▶ **Recorded information**:
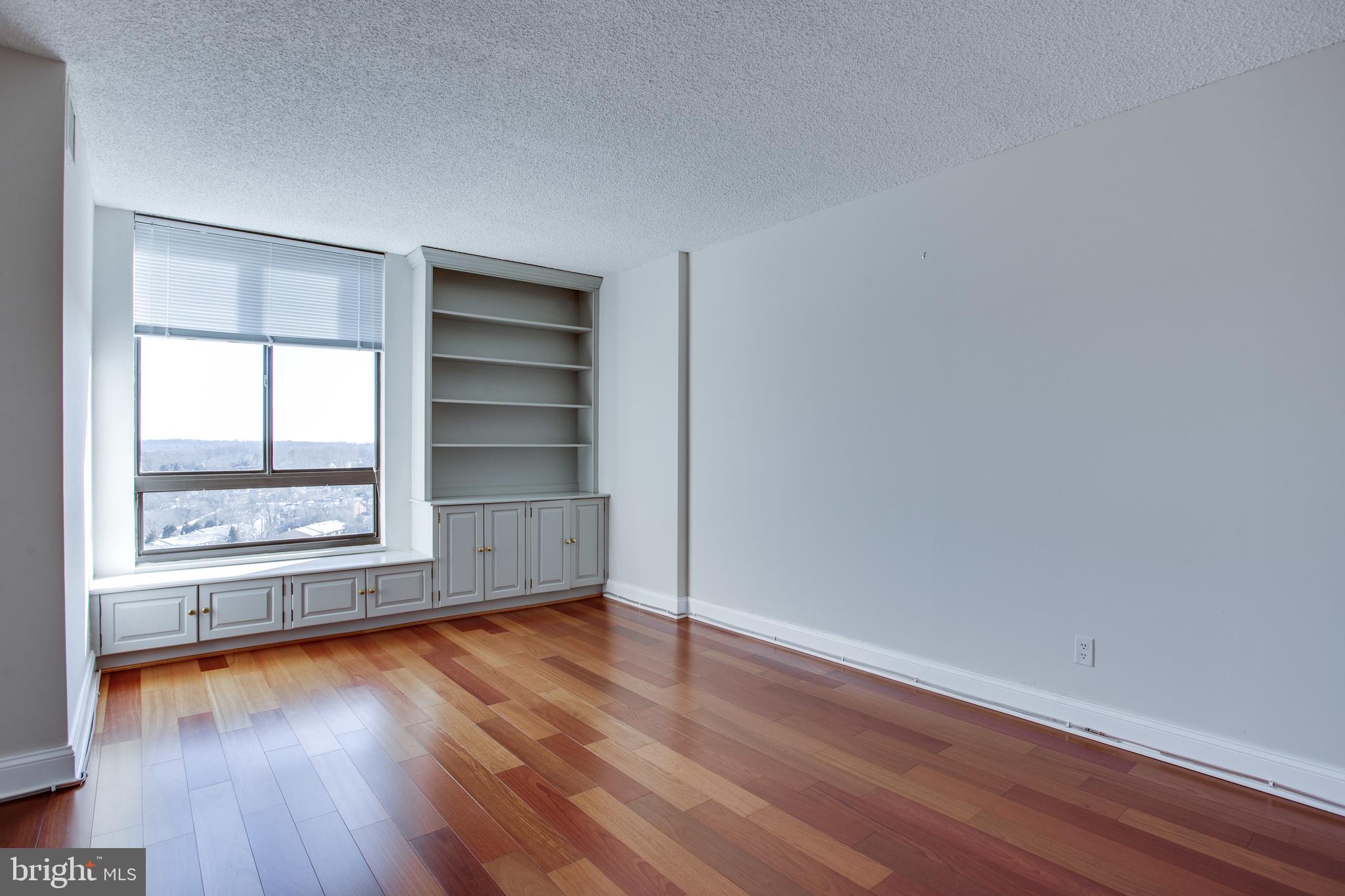 REGENCY - Residential Lease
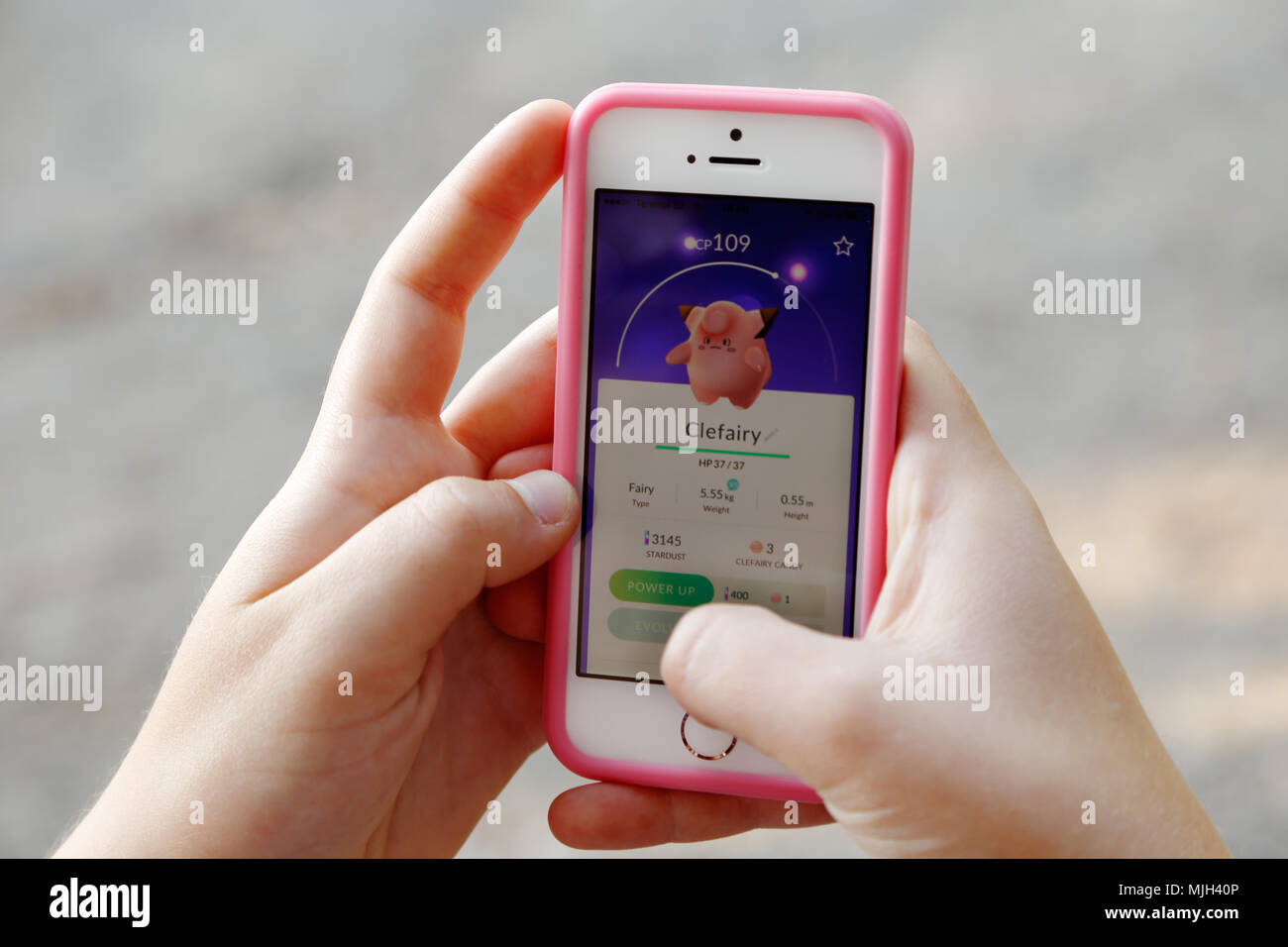 Södertälje, Schweden - 25. Juli 2016: Hände auf einem Apple Iphone Smartphone spielen der Pokemon Go App. Stockfoto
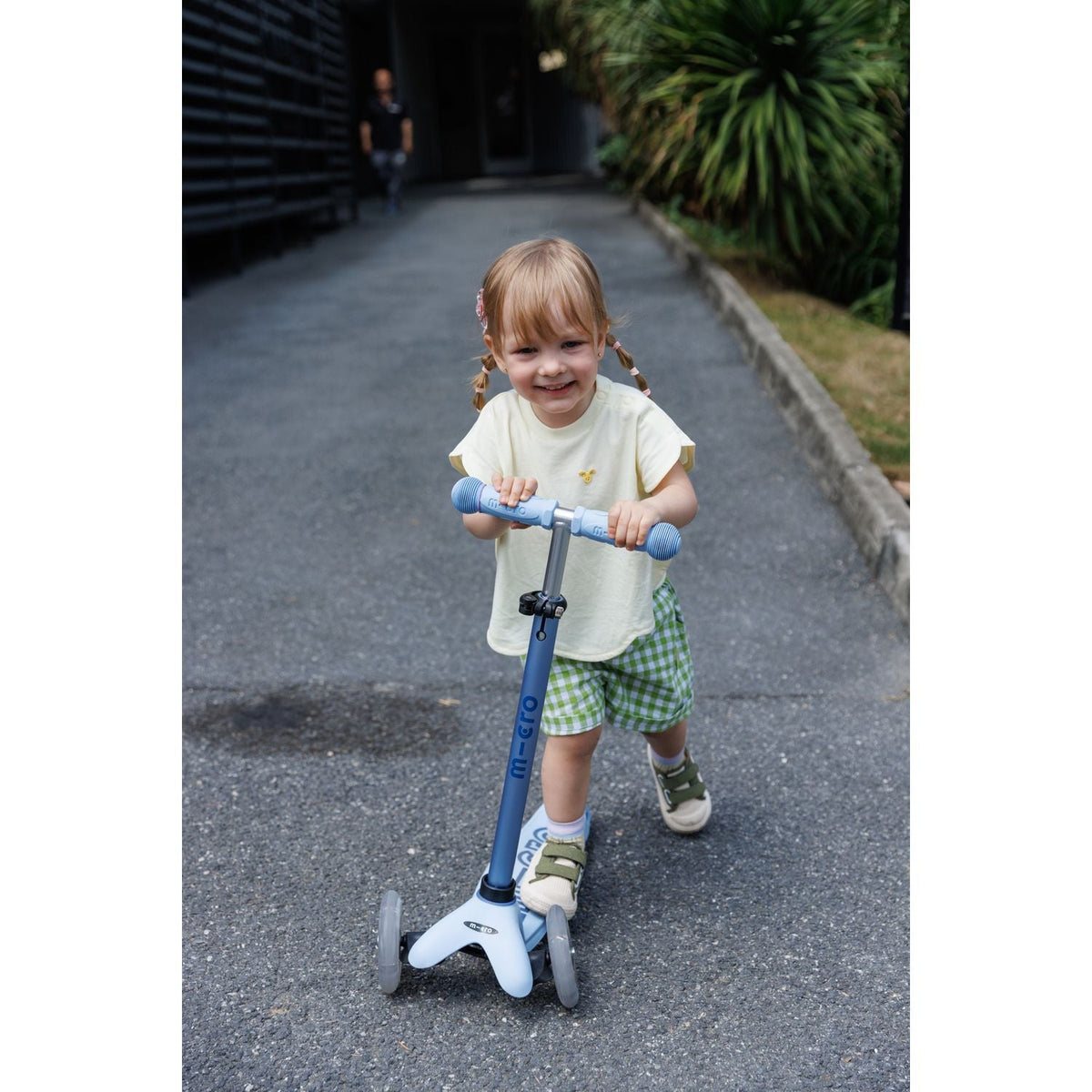 Micro Scooter Mini2Grow Deluxe LED 2.0 – image 5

▶ **Work required**:
Restate word for word the lines starting at the one that contains "Södertälje, Schweden - 25." and ending at the last line of the data. Skip every picture.

▶ **Response below**:
 Södertälje, Schweden - 25. Juli 2016: Hände auf einem Apple Iphone Smartphone spielen der Pokemon Go App. Stockfoto
 Micro Scooter Mini2Grow Deluxe LED 2.0 – image 5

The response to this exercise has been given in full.